The dance was initially choreographed by Ohio-based dance teacher Jezebel Shuvani (@JezFever). Posting to TikTok in February, she described it as impressed by the ultimate scene from Lorene Scafaria’s Hustlers, wherein Ramona (Jennifer Lopez), Future (Constance Wu), Mercedes (Keke Palmer), and Annabelle (Lili Reinhart) do their very own choreography to Janet Jackson’s 1989 banger. (The artist’s authentic “Miss You Much” video itself is ablaze with strikes.)
Fretwell had seen the dance JezFever had posted on TikTok and pitched it to her Panic Shack bandmates, Harvey, Lawrence, and Smith, who had been all on board (who would not be?). Discovering tiny corners, sunny rooftops, and cramped corridors in venues throughout Manchester, Brighton, Norwich, Leeds, and extra, Panic Shack carved out time to throw down strikes with out fail. They even dragged drummer Nick Doherty-Williams into one.
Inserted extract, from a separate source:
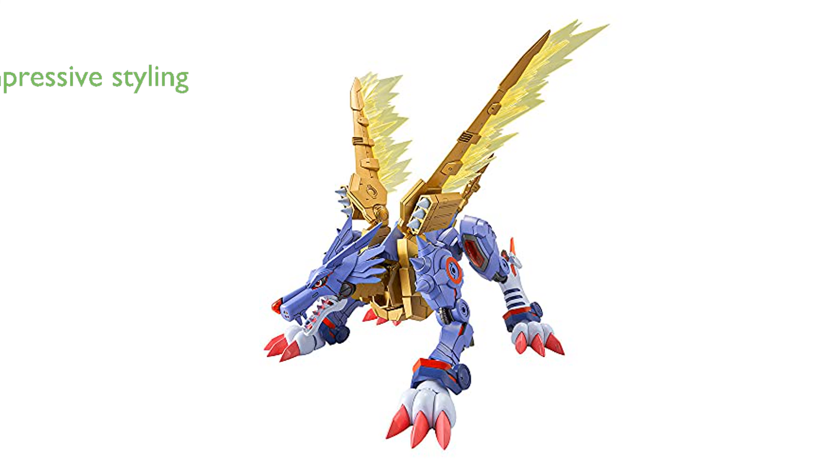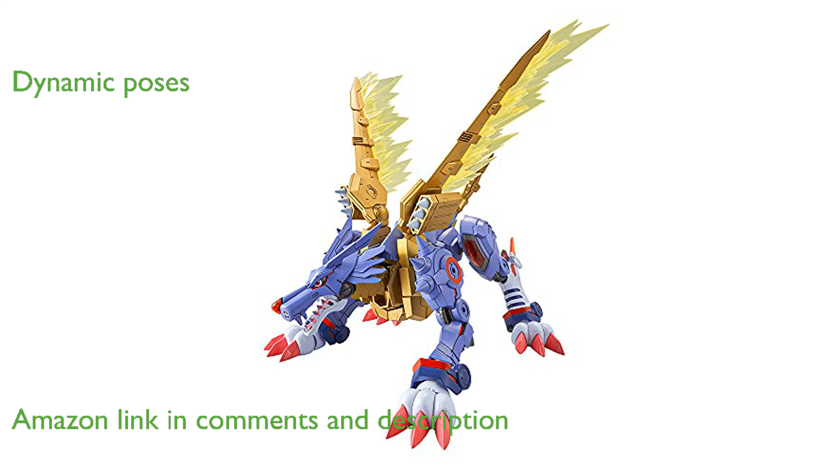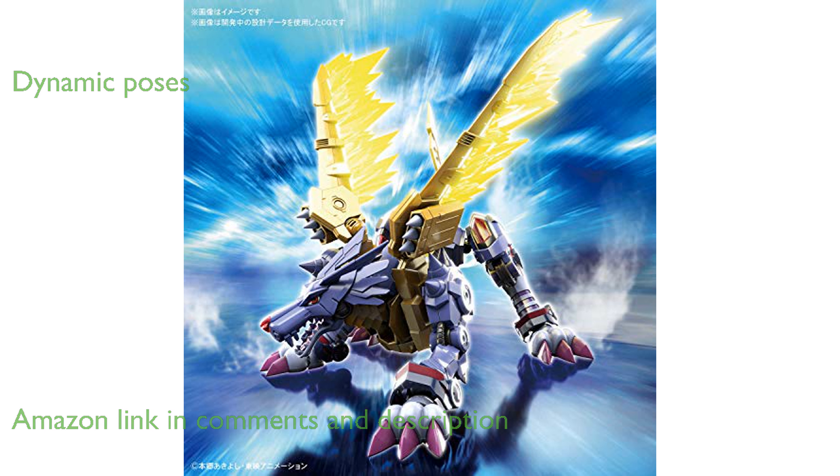The Metal Gurumon model kit Fig RS by Bandai Hobby boasts impressive amplified styling with vibrant color separation. This model kit is designed to perform dynamic poses, including a natural mouth opening feature for added realism.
“I was like, girls, we should try that when we’re on tour together. And we just did it, and did not expect it to take off,” Fretwell tells Mashable. “It was so crazy, because so many people are, like, you’re marketing geniuses! Who is running this? I think the combination of our stage outfits and the different locations and the consistency of doing it every day whilst we were on tour was really the secret combination. We absolutely did not expect it to go viral. JezFever and the troupe are so lush as well, we’ve got an online friendship with these women.”
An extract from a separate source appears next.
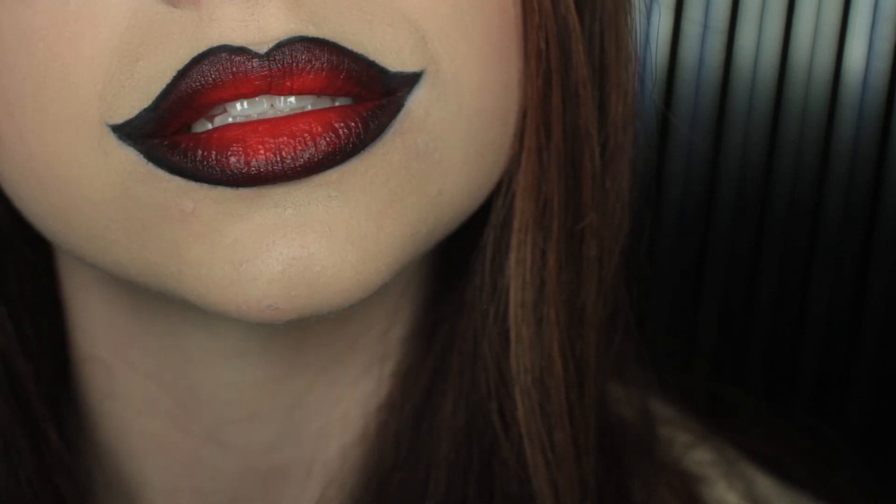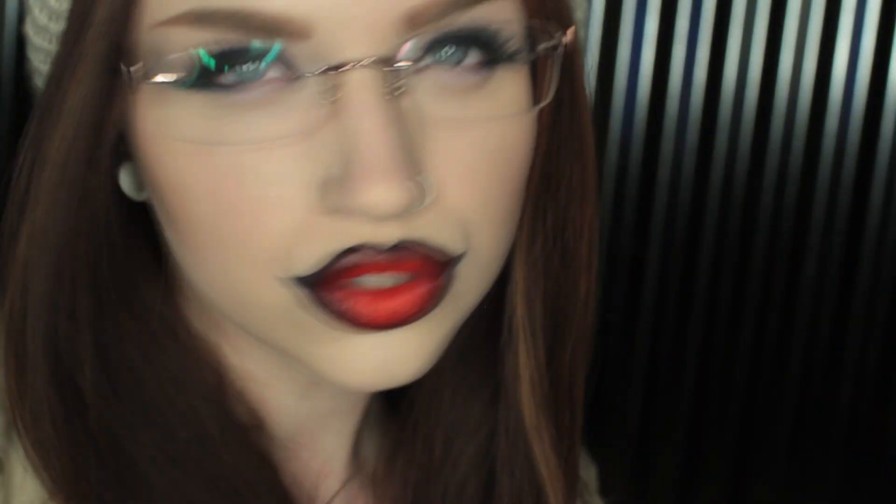Every time I post a picture using this lip shape on Instagram, I get a ton of requests for a tutorial. This lip shape photographs great, but as you can see, it's very dramatic and obvious. If you're not someone who likes the overdrawn look, this clearly isn't the look for you, but remember you can always tone down this look by making your initial lines shorter or making the corners less pointed.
Credit score: Ren Faulkner
The dance boosted Panic Shack’s on-line fanbase tenfold, with a cursory calculation of the band’s “Miss You Much” movies sitting at 15.4 million views alone. The feedback are stuffed with outdated devoted and glossy new followers, the latter of whom have additionally discovered their solution to Panic Shack’s YouTube channel. “Anyone else here because they were mesmerized by their TikToks? Now I’m addicted to their music,” writes one commenter, and so they’re not alone.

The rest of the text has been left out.